Copy out the listing that follows, exact in every word, and skip the images.

## Provided material
-- -- --

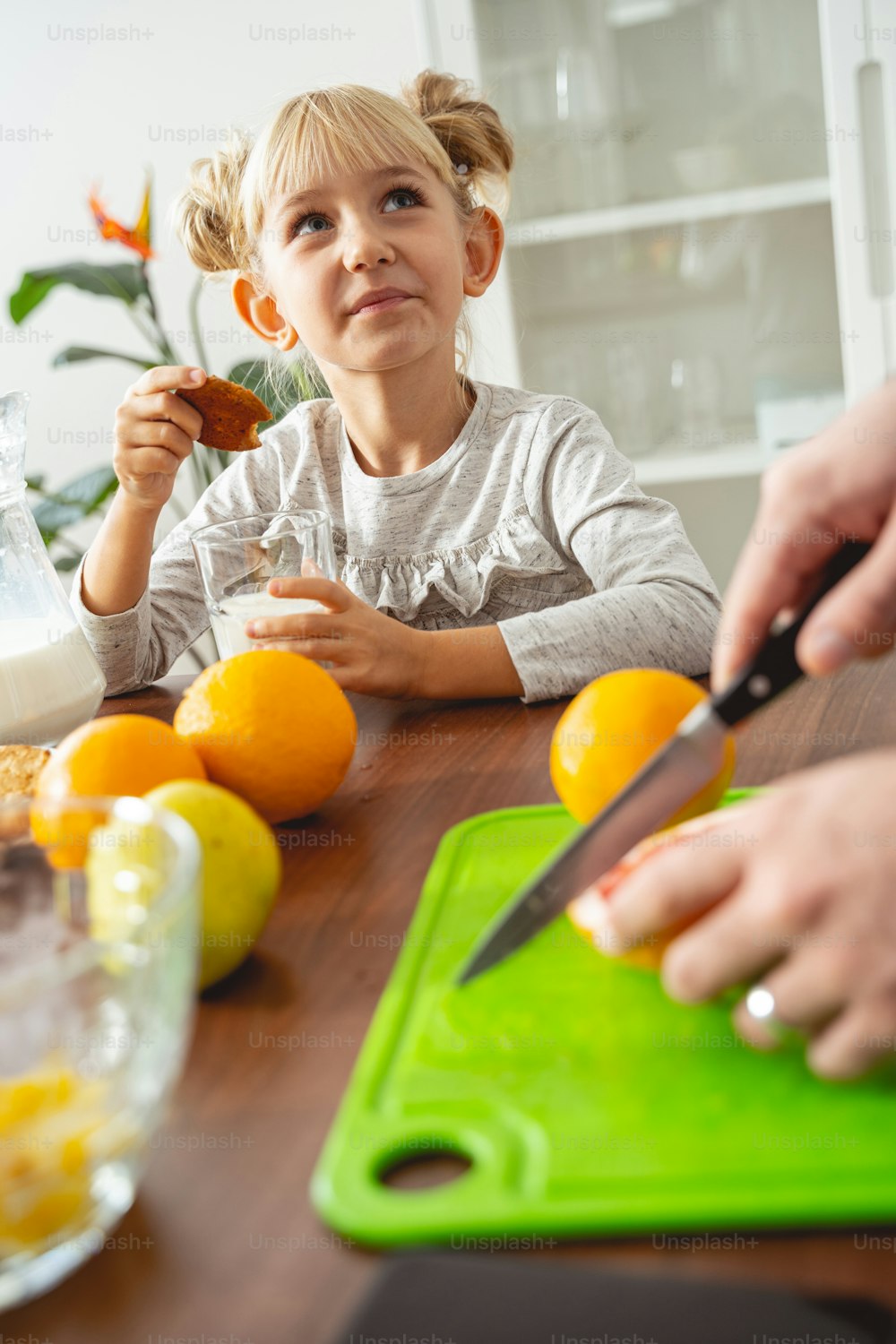 Adorable child having breakfast while her dad cutting orange stock photo
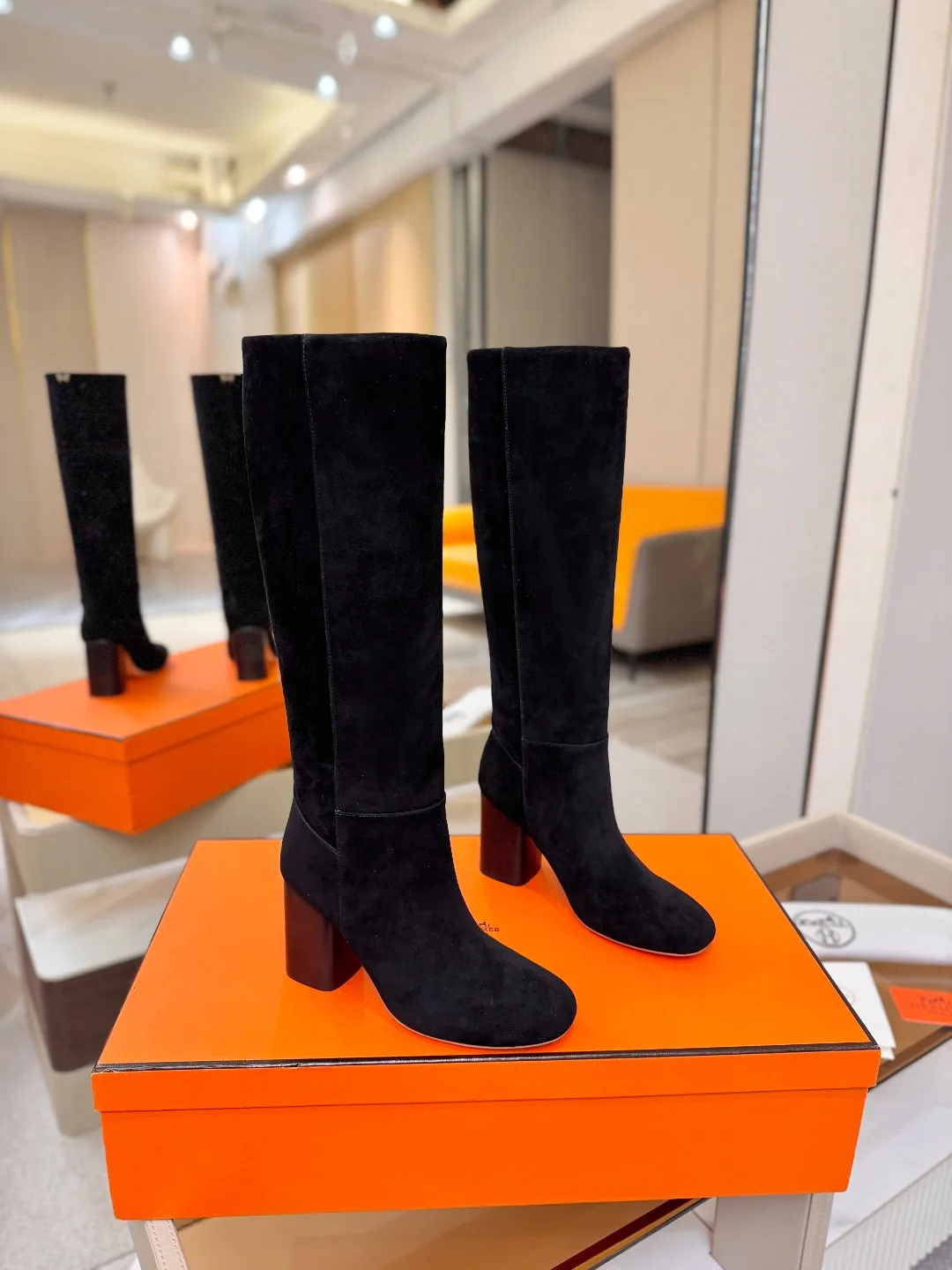 Saint Laurent Cowhide Knee-High Boots in Black · view 2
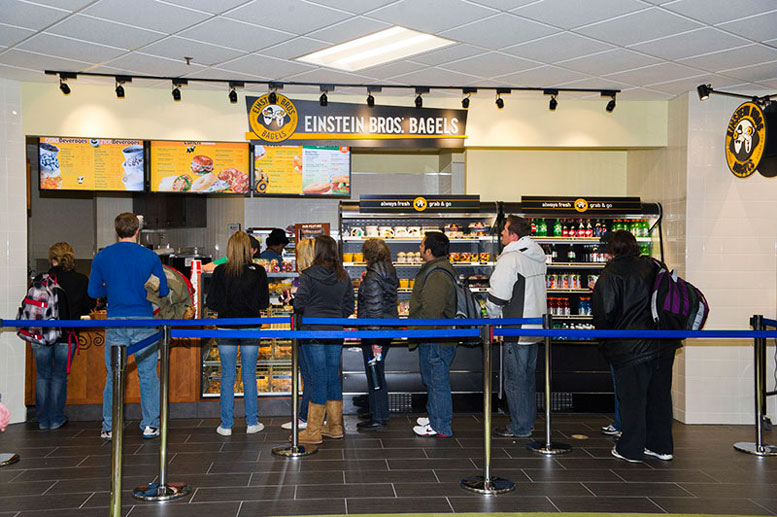 People stabnd in line in front of Einstein's Bagels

-- -- --

## Task output
 Adorable child having breakfast while her dad cutting orange stock photo
 Saint Laurent Cowhide Knee-High Boots in Black · view 2
 People stabnd in line in front of Einstein's Bagels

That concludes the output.